I hear some version of this phrase all the time among Young Adult Friends. Our Meeting had a similar dialogue recently regarding membership. Some people took a very hard-line stance. Why wouldn't you want to be a member? What's holding you back? Others believed that membership was a process, a sort of personal development that sometime took years. Membership was not to be rushed into without sober contemplation. Speaking for myself, I know quickly whether I feel a part of any gathering. Should I believe this, I then adopt a strong desire to identify with it. But others aren't necessarily of the same leading as I am and I understand that.

Those reluctant to fully identify as Friends come from various religious or non-religious backgrounds. Some grew up in a faith that was restrictive and may have caused them damage. Some grew up without much of a religious orientation at all. It would seem that the issue is a personal one, but that itself is only a partial answer. A more complex answer speaks to how liberals often perceive of religion, which is to say with much caution. Anticipating the worst before entertaining the best is probably the best way to put it. This is also why Friends tend to be quite private about faith and unlikely to speak about the particulars in public.

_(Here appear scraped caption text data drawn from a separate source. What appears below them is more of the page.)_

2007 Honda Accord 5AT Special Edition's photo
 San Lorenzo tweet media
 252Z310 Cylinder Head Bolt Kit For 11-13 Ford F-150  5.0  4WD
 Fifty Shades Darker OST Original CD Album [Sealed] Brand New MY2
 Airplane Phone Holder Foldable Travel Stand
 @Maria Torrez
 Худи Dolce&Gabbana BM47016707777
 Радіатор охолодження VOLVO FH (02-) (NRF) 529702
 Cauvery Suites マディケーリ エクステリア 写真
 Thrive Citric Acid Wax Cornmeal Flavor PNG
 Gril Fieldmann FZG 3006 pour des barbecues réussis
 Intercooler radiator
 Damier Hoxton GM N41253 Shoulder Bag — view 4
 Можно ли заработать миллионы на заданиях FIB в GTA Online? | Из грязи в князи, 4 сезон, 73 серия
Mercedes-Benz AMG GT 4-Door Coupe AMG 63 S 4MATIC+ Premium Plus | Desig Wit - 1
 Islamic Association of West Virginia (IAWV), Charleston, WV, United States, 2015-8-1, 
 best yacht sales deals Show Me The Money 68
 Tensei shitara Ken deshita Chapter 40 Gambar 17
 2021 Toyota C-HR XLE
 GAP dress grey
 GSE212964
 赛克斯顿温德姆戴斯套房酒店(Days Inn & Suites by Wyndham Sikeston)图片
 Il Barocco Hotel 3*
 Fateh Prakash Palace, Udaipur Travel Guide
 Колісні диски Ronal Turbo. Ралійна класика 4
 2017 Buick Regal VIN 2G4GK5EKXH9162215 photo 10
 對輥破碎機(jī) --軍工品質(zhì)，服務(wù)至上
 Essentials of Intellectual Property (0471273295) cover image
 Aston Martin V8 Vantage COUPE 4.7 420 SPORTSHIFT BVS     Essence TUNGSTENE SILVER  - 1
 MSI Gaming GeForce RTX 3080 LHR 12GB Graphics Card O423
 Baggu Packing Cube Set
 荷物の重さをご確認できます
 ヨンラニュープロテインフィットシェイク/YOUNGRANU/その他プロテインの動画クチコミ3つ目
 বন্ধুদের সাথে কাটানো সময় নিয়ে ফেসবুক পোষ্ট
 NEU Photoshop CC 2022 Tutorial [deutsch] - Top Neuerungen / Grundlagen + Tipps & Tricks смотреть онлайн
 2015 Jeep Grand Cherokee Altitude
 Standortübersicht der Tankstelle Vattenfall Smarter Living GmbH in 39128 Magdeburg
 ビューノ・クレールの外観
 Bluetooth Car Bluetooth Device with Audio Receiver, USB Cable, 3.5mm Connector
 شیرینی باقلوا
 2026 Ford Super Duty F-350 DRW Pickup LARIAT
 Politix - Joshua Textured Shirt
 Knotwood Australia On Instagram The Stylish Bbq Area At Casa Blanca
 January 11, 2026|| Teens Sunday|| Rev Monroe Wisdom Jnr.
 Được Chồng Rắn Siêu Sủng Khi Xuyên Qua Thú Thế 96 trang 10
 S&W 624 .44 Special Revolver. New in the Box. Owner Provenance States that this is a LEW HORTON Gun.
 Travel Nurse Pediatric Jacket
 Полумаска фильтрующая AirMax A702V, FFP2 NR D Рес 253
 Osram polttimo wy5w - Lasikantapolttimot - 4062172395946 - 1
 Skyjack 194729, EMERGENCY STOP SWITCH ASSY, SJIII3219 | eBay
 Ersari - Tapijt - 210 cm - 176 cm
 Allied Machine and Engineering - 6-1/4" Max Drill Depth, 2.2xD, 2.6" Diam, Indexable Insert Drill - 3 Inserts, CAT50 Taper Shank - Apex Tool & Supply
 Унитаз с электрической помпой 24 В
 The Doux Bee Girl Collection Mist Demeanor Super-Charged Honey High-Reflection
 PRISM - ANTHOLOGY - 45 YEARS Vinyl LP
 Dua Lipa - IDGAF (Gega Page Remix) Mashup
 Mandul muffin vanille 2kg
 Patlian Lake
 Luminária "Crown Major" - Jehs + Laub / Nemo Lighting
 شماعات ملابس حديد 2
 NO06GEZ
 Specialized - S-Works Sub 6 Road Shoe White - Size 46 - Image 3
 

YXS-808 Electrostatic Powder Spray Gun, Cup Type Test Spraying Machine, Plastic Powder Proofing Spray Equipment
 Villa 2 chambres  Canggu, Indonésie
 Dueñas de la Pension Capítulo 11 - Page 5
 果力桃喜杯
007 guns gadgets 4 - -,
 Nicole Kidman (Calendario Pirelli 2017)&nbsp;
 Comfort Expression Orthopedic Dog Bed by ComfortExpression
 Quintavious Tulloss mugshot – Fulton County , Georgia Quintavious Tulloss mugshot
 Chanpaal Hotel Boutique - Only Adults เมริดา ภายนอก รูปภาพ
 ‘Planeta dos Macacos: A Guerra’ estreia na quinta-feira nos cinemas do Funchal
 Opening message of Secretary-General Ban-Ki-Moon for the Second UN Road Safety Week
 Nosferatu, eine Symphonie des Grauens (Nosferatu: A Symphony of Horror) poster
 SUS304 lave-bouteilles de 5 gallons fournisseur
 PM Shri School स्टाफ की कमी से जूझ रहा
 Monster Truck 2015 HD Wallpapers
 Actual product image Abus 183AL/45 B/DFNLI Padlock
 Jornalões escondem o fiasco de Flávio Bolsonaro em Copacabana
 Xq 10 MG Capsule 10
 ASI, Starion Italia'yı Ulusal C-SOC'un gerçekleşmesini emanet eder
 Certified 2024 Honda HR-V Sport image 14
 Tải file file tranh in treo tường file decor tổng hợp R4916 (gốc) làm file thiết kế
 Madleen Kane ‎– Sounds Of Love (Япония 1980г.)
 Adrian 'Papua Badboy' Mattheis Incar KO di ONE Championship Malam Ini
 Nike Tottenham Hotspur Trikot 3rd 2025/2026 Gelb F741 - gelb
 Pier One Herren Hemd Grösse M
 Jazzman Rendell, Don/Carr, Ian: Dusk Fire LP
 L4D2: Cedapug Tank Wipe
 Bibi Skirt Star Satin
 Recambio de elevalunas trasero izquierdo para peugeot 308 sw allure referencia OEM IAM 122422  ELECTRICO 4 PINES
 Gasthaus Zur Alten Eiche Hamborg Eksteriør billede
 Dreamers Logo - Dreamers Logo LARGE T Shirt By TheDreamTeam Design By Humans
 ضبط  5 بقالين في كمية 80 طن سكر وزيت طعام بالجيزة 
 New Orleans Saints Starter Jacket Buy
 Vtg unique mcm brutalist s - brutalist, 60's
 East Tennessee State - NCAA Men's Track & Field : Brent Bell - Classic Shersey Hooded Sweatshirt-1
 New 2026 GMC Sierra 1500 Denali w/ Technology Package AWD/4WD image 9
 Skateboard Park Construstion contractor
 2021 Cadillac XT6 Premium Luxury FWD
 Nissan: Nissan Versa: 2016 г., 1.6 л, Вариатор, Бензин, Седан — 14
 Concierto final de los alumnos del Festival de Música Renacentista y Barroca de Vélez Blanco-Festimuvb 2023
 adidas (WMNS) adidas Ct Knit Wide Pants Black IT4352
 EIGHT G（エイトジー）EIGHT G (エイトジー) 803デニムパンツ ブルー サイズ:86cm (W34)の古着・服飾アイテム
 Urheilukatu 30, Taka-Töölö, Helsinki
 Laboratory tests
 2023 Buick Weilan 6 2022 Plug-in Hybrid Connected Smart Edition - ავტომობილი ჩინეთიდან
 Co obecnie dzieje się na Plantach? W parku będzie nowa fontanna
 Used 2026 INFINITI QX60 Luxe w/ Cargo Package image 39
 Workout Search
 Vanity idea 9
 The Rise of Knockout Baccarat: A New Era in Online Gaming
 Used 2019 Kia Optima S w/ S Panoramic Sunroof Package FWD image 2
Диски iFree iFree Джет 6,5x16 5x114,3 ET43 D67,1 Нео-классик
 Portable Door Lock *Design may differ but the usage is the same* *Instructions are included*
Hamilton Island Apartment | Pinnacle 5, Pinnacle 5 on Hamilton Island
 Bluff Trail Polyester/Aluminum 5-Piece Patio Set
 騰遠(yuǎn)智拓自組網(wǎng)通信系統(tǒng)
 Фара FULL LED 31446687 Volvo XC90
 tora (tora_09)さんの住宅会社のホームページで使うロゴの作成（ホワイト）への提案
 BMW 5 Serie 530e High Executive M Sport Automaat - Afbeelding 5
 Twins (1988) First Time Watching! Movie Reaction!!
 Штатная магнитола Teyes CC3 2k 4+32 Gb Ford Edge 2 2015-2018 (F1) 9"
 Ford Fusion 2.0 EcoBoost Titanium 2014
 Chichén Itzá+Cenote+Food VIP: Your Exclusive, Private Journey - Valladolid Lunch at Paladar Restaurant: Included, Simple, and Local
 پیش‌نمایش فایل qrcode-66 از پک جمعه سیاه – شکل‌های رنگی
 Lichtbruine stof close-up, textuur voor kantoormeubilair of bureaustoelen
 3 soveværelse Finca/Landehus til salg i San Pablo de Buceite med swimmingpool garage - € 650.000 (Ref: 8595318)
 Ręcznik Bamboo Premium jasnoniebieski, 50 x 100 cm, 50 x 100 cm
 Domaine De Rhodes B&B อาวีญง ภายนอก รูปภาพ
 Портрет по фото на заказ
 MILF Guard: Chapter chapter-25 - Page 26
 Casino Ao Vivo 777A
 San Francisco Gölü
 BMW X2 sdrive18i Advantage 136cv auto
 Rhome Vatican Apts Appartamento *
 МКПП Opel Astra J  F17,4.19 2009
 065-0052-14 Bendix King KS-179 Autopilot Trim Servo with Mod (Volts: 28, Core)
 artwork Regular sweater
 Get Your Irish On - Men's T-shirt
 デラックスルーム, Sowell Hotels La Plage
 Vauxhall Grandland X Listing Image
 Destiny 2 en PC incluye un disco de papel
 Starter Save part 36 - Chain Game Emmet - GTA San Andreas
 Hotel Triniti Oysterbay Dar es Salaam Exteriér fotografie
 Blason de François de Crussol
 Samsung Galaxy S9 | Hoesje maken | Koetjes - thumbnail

It would also explain the fear of identifying too closely and especially not all at once. Here lies the angst and anxiety of a paradox: needing a spiritual outlet, but not wishing to be perceived wrongly by others. I myself have long gotten used to the never-ending conversation that MY Jesus is not like THEIR Jesus and here's why. Some people may not have the stomach or the stamina, but I guess I'm just too stubborn to surrender to one particular interpretation. And when it comes down to Quaker identity, I'm not ashamed to be seen as religious. Sure, that can be a loaded word, but I'd rather we redefine on our own terms what it means instead of giving in to a reductionist belief based on fear and sometimes even outright hate.

It's easy to make assumptions about people based on a minimum of evidence. I can tell you that when someone cuts me off in traffic, I dare not write the first word that comes to mind. It's an instant reflex, but if I really want to follow what I believe, I'll try to see that of God in everyone, even in traffic jams. Even on crowded bus trips. The hard work that needs to be done involves encouraging people to not make snap judgments. We should neither apply them to others, nor apply them to ourselves. Why have we given other people the ability and agency to define who we are on their own terms?

I'll leave it to each Friend to decide for himself or herself whether they are fully or nominally Quaker. I will nonetheless encourage all to contemplate why they hold reluctance in their hearts. If faith and a spiritual (even religious) connection are why we are gathered here, does a fraction work better than the whole? If we strip fear away, what does our heart yearn for most? I do not intend to speak for everyone but merely encourage us to truly examine our leadings. In an ideal world, without the threat of misunderstanding, what words would we use to define ourselves?